* **Work instruction**
Here are some records; quote them exactly, leaving out the pictures.

---*---

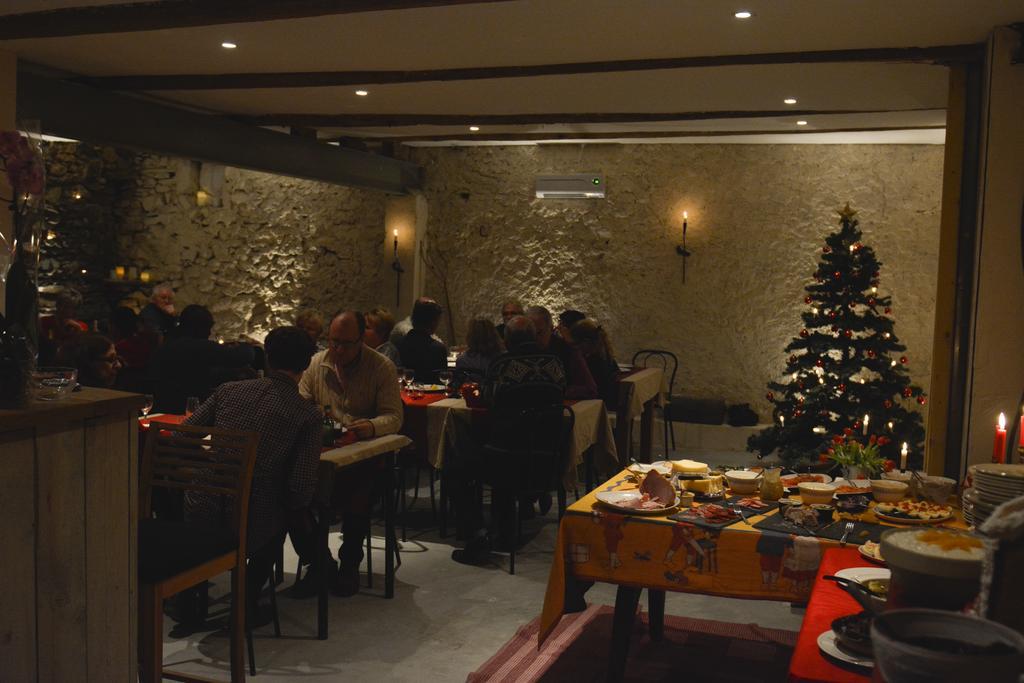 Chez Les Amis Hotel Saint-Nazaire-de-Ladarez Buitenkant foto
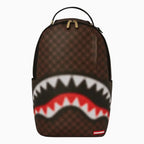 Mochila con Efecto Borroso de Tiburones en París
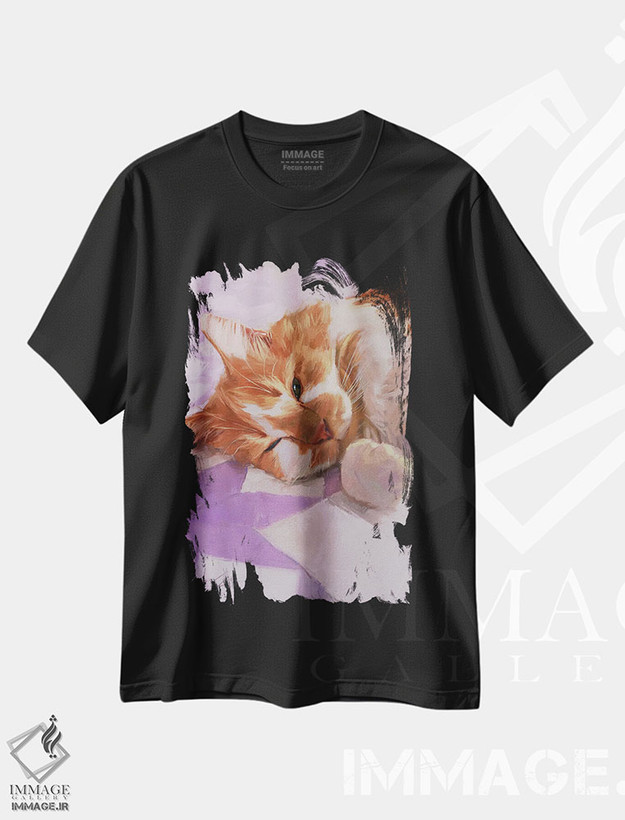 تیشرت طرح دار گربهٔ خواب آلود، گربهٔ سفید و قرمز، دکور معاصر اثر الکس مووچون | فروشگاه ایماژ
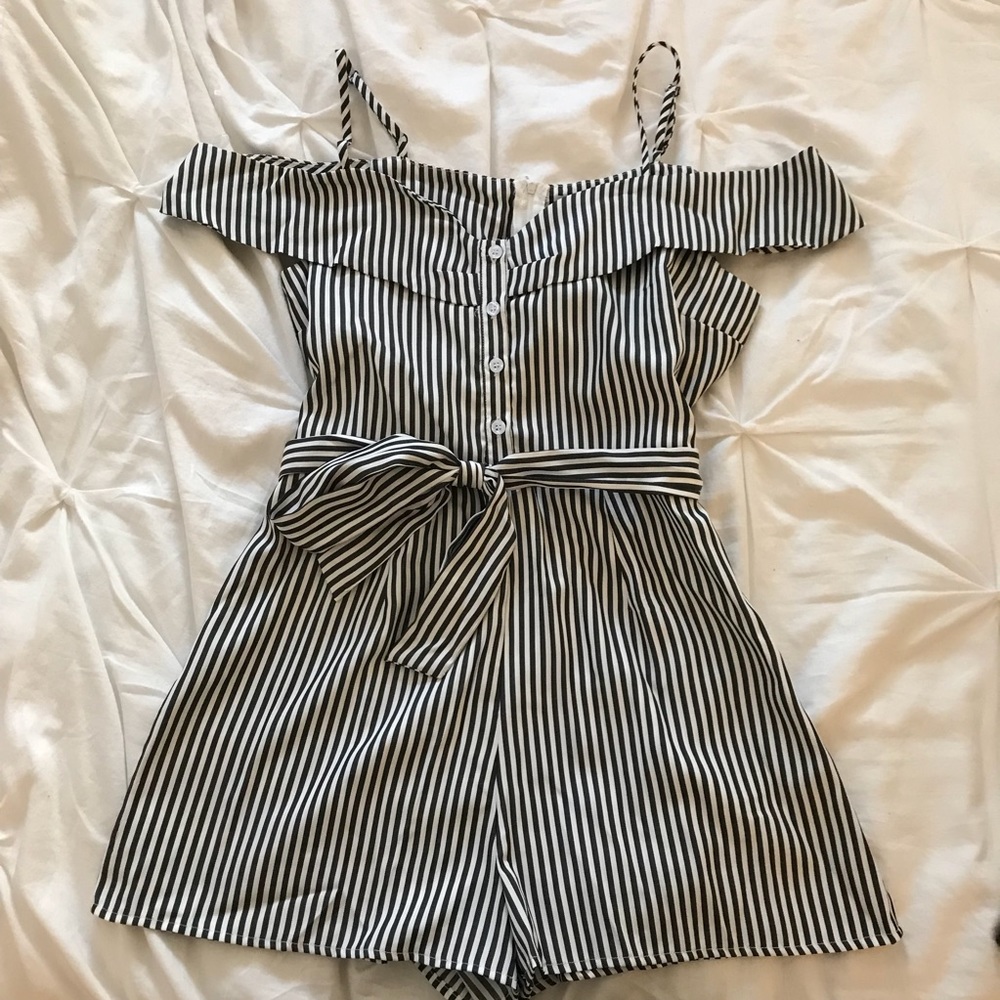 Stripped Cold Shoulder Romper - Picture 2 of 8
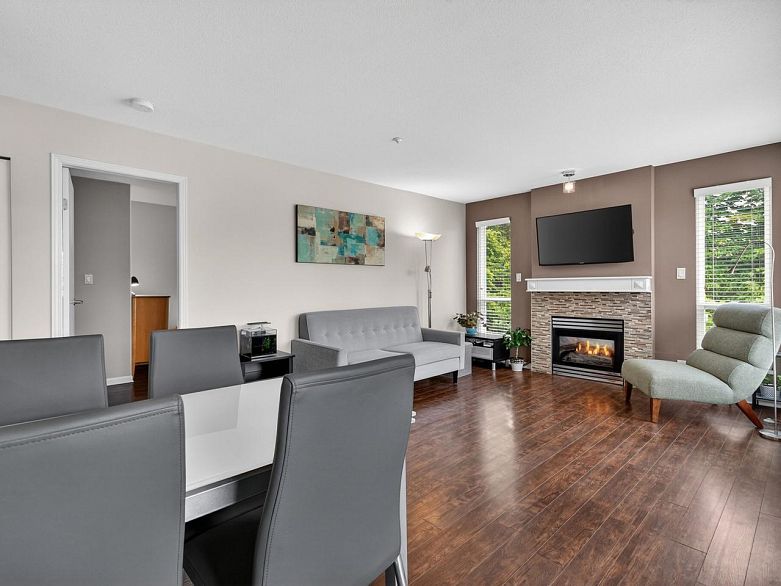 310 8495 Jellicoe Street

---*---

* **Completed task**
 Chez Les Amis Hotel Saint-Nazaire-de-Ladarez Buitenkant foto
 Mochila con Efecto Borroso de Tiburones en París
 تیشرت طرح دار گربهٔ خواب آلود، گربهٔ سفید و قرمز، دکور معاصر اثر الکس مووچون | فروشگاه ایماژ
 Stripped Cold Shoulder Romper - Picture 2 of 8
 310 8495 Jellicoe Street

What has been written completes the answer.